Is it time for the Foo Fighters to just shut up?

Nirvana were the kings, so what does that make the Foo Fighters? Unfortunately, as of right now, more like a damp squib.

A band born out of undisputed tragedy is always a difficult thing to wrestle with. The fact that Dave Grohl even decided to stay in the music industry at all, let alone make a success out of it after the death of Kurt Cobain, which rocked his life, is completely commendable. But 30 years down the road, that line of sympathetic ears has slightly run dry.

To be clear, this is not an attempt to sound callous towards someone who has clearly endured a lot of suffering for their art form, no matter what way you look at it. But what started as a passion project and a channelling of grief back in the mid-1990s has now morphed into something unrecognisable from what it once was, and not for the better.

The Foo Fighters are a band that has never really stopped to take a breath, a lot of the time, which shows increasingly now as the years have worn on. We’re only just past the midpoint of the 2020s, and yet they’ve produced three full albums in that time, with the latest arriving next month. 
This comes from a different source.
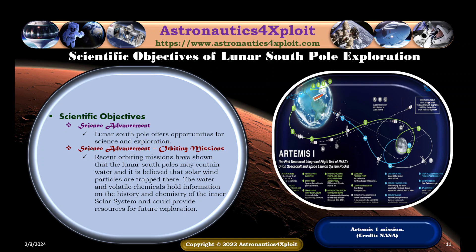The lunar South Pole offers opportunities for science and exploration. Recent orbiting missions have shown that the lunar South Pole may contain water, and it is believed that solar wind particles are trapped there. The water and volatile chemicals hold information on the history and chemistry of the inner solar system, and could provide resources for future exploration. The Artemis 1 mission trajectory is shown in this picture.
Bear in mind that they also tragically lost a stalwart member of the group in Taylor Hawkins only in 2022, and it really puts into perspective how much the juggernaut train of constantly pushing out music and heading on the road has really not stopped for breath. That might be forgiven in younger artists with more naivety in terms of the whims of the business, but for a group of middle-aged guys for whom this is far from their first rodeo, the effect wears a little thin.

Foo Fighters - 2025 - Elizabeth Miranda
Credit: Elizabeth Miranda

The irony is that despite the controversy which blew up on their 2024 tour when Grohl took a dig at Taylor Swift, he is fronting a band who are increasingly turning in that same direction of onslaughts of new consumption in a vain attempt to keep their audience appeased. Don’t get me wrong, much like Swift, it works: they’re still selling out stadiums easily and show no signs of stopping.

But that is also the problem. For a band that likes to present itself as rock and roll royalty, and certainly has the experience to justify that image, recent years have shown a pattern of diluting their sound with each release, without having much of real substance to say.

The effect became apparent to me when I went to see them live two summers ago with my family. For a rock band, it was perhaps the dullest crowd I have ever seen. With people constantly streaming out of the stadium to head for the bar or toilet breaks, the Foo Fighters held no command on stage for keeping the audience entertained, let alone interested.

At best, they could be a little more revved up by a turn of ‘My Hero’ or ‘The Pretender’, but when Grohl headed for the B-stage to drag out a random album track acapella ballad that no one had heard of and seemed confused by? Forget it. The crowd was long gone by that point.

Nothing seems to have really improved from that point forward, and with a new album and tour yet again on the horizon, it doesn’t seem like it is going to. On the face of it, compared to other rock outfits on the scene, the Foo Fighters don’t seem like a band of jaded views and giant egos, but if that truly isn’t the case, they have a long way to go in recapturing the spirit of what they once were. 

There also is the uncomfortably unavoidable point of Grohl’s own off-stage antics in the past few years. After he announced in September 2024 that he was fathering a child outside of his marriage to his wife Jordyn Blum, he disappeared for seemingly the briefest of seconds while public perceptions of him took their necessary dip.

Dave Grohl - Musician - Foo Fighters - 2019
Credit: Far Out / Raphael Pour-Hashemi

But it’s almost as if you can hear the conversations of the PR team without even having to be present. ‘Bide your time, Dave, then come back and say you’re sorry. Tell them you’re working on yourself, and everything will be fine!’ It sounds trite, but the scariest thing is that this is the exact situation which has just played out in real time.

With his supposed justifications of going to therapy six days a week and trying to use this as evidence for the fact he is meant to be a ‘better man’ now, there’s no escaping the fact that it has been expertly timed, not to relieve him of the public backlash to his personal woes, but as a promotion for the forthcoming album and its lyrical plaudits.

The man who was once regarded as the nicest guy in rock music has certainly run into a bit of trouble, but essentially trying to worm out of it by revealing the amount of hours (and money) he’s spent lying back on a couch is a pretty slimy excuse, by any standard. Trying to gain public sympathy for being a plainly bad person, and flog your new product while you’re at it, really shouldn’t end well.

But the whole situation has become endemic to the cycle the Foo Fighters have managed to become stuck in, where they feel the incessant need to just churn something else out for the sake of it, even when the circumstances very much warrant a period of silence. Grohl’s life is a mess, but the band hasn’t released anything in a whole three years. Duty calls, and everything else must fall behind that,

If only they could just stop for a second, breathe, and take stock of the path they’re on – it would probably do them a world of good to stop churning out sub-par tracks of guitar riffs and screaming vocals, and remember the reason they started on this whole ride in the first place. For once, the Foo Fighters should just shut up.